Revolutionizing Our View of Protostellar Disk and Multiplicity: The VLA/ALMA Nascent Disk and Multiplicity Survey"

Not scheduled
15m
T-Hotel Cagliari

T-Hotel Cagliari

Via Dei Giudicati, 66 | 09131 Cagliari | Sardinia, Italy

Speaker

Dr John Tobin

Description

Contributed talk

Abstract:
"We have conducted a large survey of 328 protostars in the Orion star forming regions at ~40 AU (0.1"") resolution, using ALMA (0.87 mm) and the VLA (9 mm). This large sample was derived from Spitzer and Herschel surveys and constitutes the majority of the protostars in Orion, providing a statistical characterization of the protostellar disk and multiplicity properties. We are characterizing the size, masses, and physical density structure of disks throughout the protostellar phase, and the same data enable us to examine the distribution of companion separations both as a whole and with evolution. We find that the disks toward protostars are significantly more massive than the proto-planetary disks around more evolved young stars, having a median mass of ~0.02 M_sun. There is a systematic decrease in protostellar disk mass with increasing evolutionary state, but with significant scatter in each evolutionary Class.
Thus, the planet formation process may be well-underway by the end of the protostellar phase. For disk radii, we find a systematic decrease from Class 0 to Flat spectrum and a median disk radius is ~30 AU. The largest disks, however, are found in the Class I and Flat spectrum systems.

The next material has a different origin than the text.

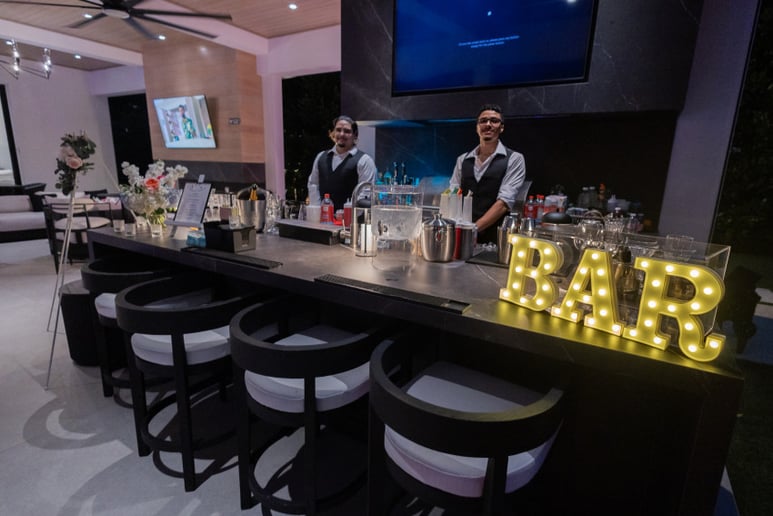 Gallery photo 1 of Sunset Sips Mobile Bar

The longer wavelength data are crucial to enabling us to further assess the planet formation dust evolution toward these systems in terms of grain growth and the radial distribution of dust grain sizes. The distribution of companion separations is found to be bi-modal. This bimodal distribution may be indicative of multiple routes of binary/multiple star formation. The longer wavelengths of the VLA enabled us to detect companions that could not be resolved by ALMA due to optical depth of dust emission at the shorter wavelengths.
Thus, the combined strength of ALMA and the VLA at have been essential to revolutionizing our understanding of protostellar disks and multiple star formation."